The email's author was self-identified as a senior high school student who had been bullied, and a "devout Muslim," but the contents do not support those assertions, said Rep. Brad Sherman, D-Sherman Oaks, former chairman of the House subcommittee on terrorism.
 
The email never mentioned the Koran, the holy book of Islam, and at one point failed to capitalize the first "A" of Allah, Sherman noted. The email address included a crude anatomical reference.
 
"There's reason to think the sender was trying to drive a wedge between the Islamic community and the rest of the United States," Sherman said from Washington, DC.
 
Though none of the threats was carried out, it's premature to discount the possibility the sender may have weapons to carry out an attack sometime in the future, Sherman said. 
 
Sherman is proposing the Department of Homeland Security set up a special unit to provide expertise to local entities such as school districts confronted with threats that need rapid analysis. 
 
Regardless of the sender's identity or motives, the differing responses of Los Angeles and New York were undoubtedly studied by terrorist movements, Sherman believes.
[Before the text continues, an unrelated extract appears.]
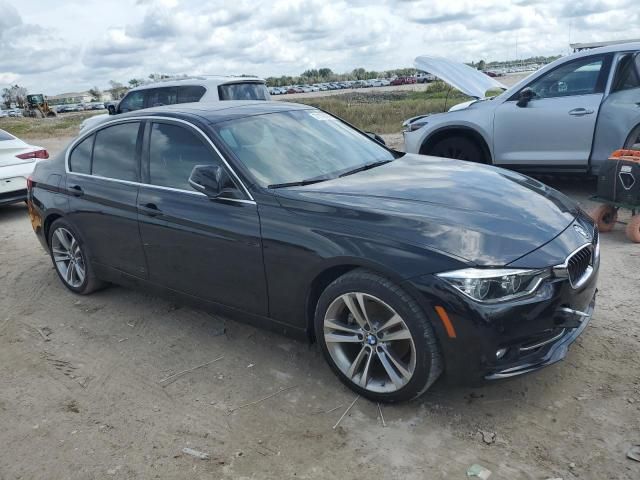 2017 BMW 330 I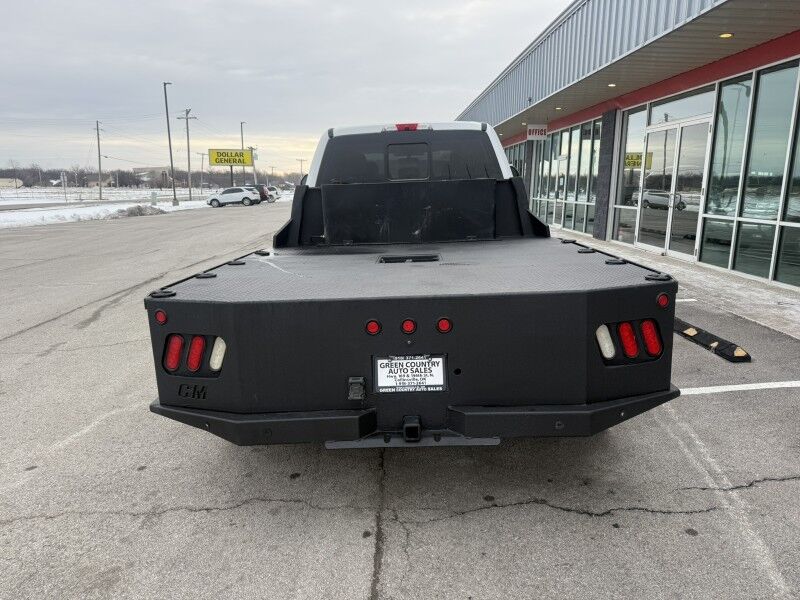 2019 Ford Super Crew F-350 DRW 4x4 Diesel Flatbed LARIAT Collinsville OK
He said it became apparent that Los Angeles has the capability to make quick decisions, redirect hundreds
of thousands of people, and search hundreds of locations, all within a handful of hours.
 
"That's impressive," said Sherman.  "But they also learned that America is jittery."
 
Sherman said it must be remembered that the goal of terrorists is to create fear. "And they've learned they can do that with an email."